North Macedonia: Two-Year Suspension of the Historical Commission with Bulgaria
The chairman of the Macedonian part of the joint commission on historical and educational issues with Bulgaria, Prof. Dragi Georgiev, openly stated that he did not mind a freeze on the work of the commission.
According to him, this would lead to “relaxation of the political atmosphere between the two countries. If at this point the historic commission is creating a problem on the path taken by the two governments in order to relax the political atmosphere, I would agree to freeze the work of the commission for a year or two, because again we have the feeling that this commission is creating problems. If there is a real desire to make some progress between Macedonia and Bulgaria at all levels, this decision would not be so scary, because we have been in historical conflict with Bulgaria for 70 years. Freezing the work of this commission for 1-2 years will mean nothing and at the same time may allow things to move forward on other things,” Georgiev told Thelma TV.
He also stressed that there are Macedonians in Bulgaria.
“There are Macedonians in Bulgaria and no one can deny this fact. I personally have friends who are Macedonians and they live in Bulgaria,” Georgiev said.
BGNES reminds that only a week ago during the joint meeting of the two governments - RNM and Bulgaria, at the Boyana residence, Prime Minister Kiril Petkov announced that there will be three meetings of the commission in the coming months.
“The historical commission has no role in deciding to jointly commemorate Gotse Delchev between North Macedonia and Bulgaria,” Dragi Georgiev said, stressing that the decision was a gesture of goodwill by both governments to brighten the political atmosphere in the two countries. “I see this political gesture as goodwill, as the political will of both sides to lighten the political atmosphere on the most sensitive hot issues that exist,” he said.
According to Georgiev, the public should be informed that although the commission is still discussing and does not find a solution for the joint celebration of Delchev, the governments of the two countries as a gesture of goodwill decided to jointly honor him. He added that this is a purely political decision of the governments and the commission has no participation in it and continues to discuss Gotse Delchev.
Georgiev added that they have been working for nearly two years to agree on a text that refers to Gotse Delchev and that should present the ideas why both countries should celebrate this historical figure and why it is important for both societies.
He also touched on the issue of common history, noting that this phrase is also used in the Treaty of Friendship and Good Neighborliness. “As it is not precisely defined in the agreement, it gives the Bulgarian side the freedom to interpret it with pure ethnic content. According to Bulgarian colleagues, common history means the history of one people, i.e. the Bulgarian people from the 9th century until 1944, when with the formation of the People's Republic of Macedonia, within Federal Yugoslavia, the Macedonian people was created overnight, according to their interpretation. The Bulgarian side follows the concept of a nation, a historical nation, whose formation began in the 9th century with a lasting ethnic homogenization of the proto-Bulgarian and Slavic population on the territory of the first medieval Bulgarian empire. Then the Bulgarian people were created and this continuity of the Bulgarian people lasted until 1944 on the territory of Macedonia and that is why they consider the common history to be the history of only one people, that is, of the Bulgarian people”.

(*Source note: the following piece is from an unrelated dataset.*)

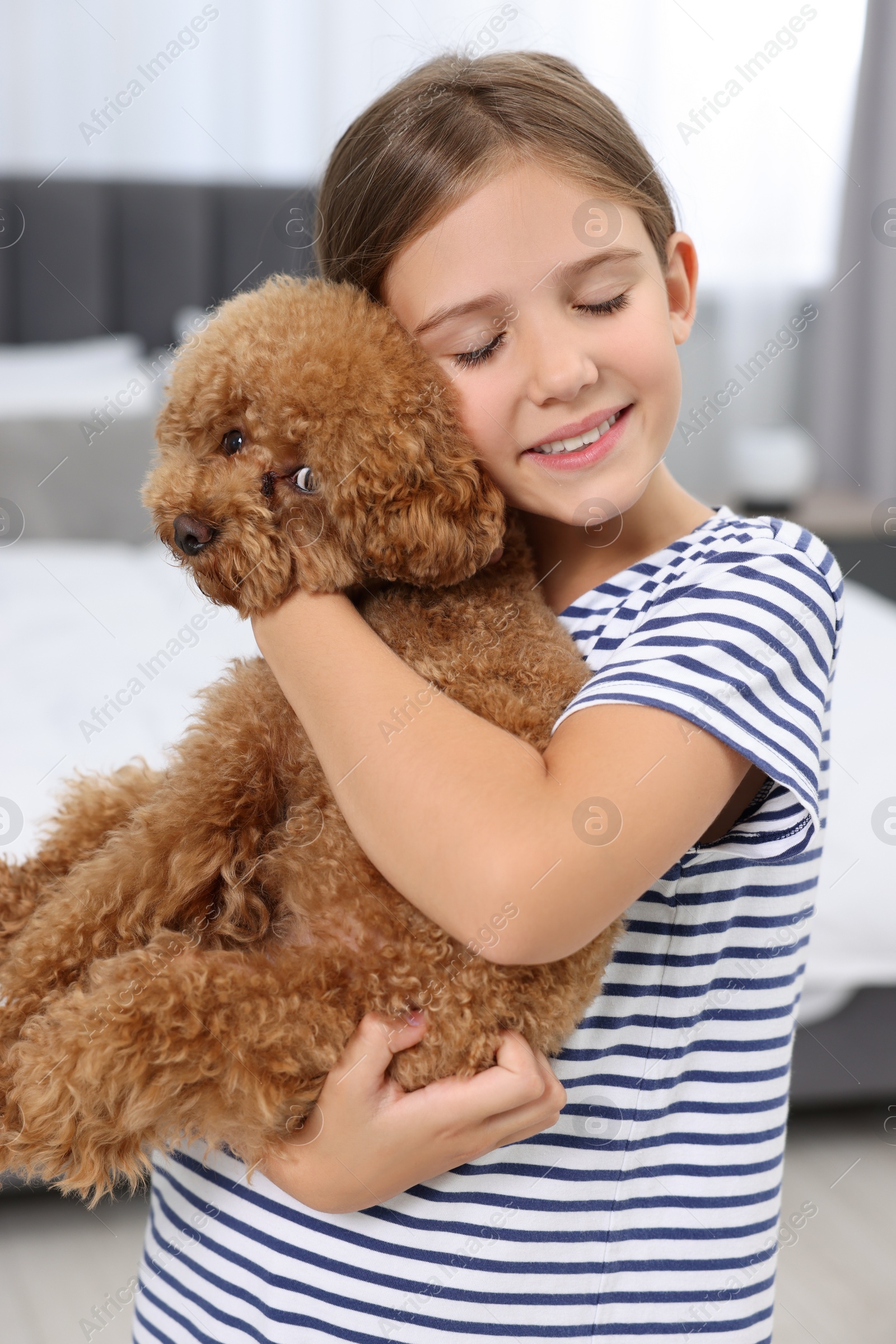 Photo of Little child with cute puppy at home. Lovely pet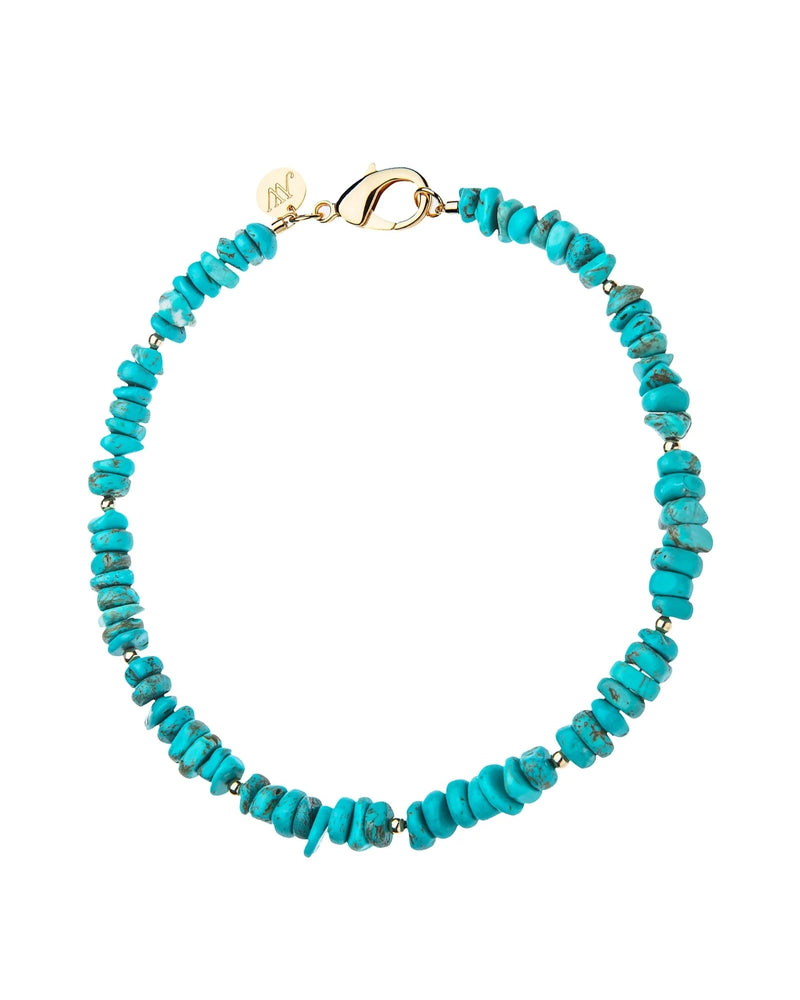 The Jane Win Turquoise Natural Beaded Necklace features irregular turquoise stones, small metallic spacers, a gold-plated brass clasp, and a round engraved charm—an ideal summer accessory.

Of course, we came into sharp conflict with them because we do not accept such an interpretation of this phrase, Georgiev said. Historiography as a science, he says, has developed several concepts that can explain the points of contact between two countries, two cultures. It uses such terms as intertwined history, shared history, common history.
“So we can talk about a common history, I would say within the example of the Ottoman Empire. We have a common history with all the peoples of the Balkans who were part of this empire because we lived in the same social conditions, the population had one ruler, paid the same taxes and all this makes the coexistence of one population. In this sense, we have a common history with the former peoples of Yugoslavia. Of course, in all these communities there is a special micro-history, microculture, folklore of all communities, but we cannot say that we do not have a common history with all the peoples who were in this community,” said Georgiev.
He described as scientifically untenable and outright unacceptable the claims of the Bulgarian side for a common history of the Bulgarian people from the 9th century to 1944.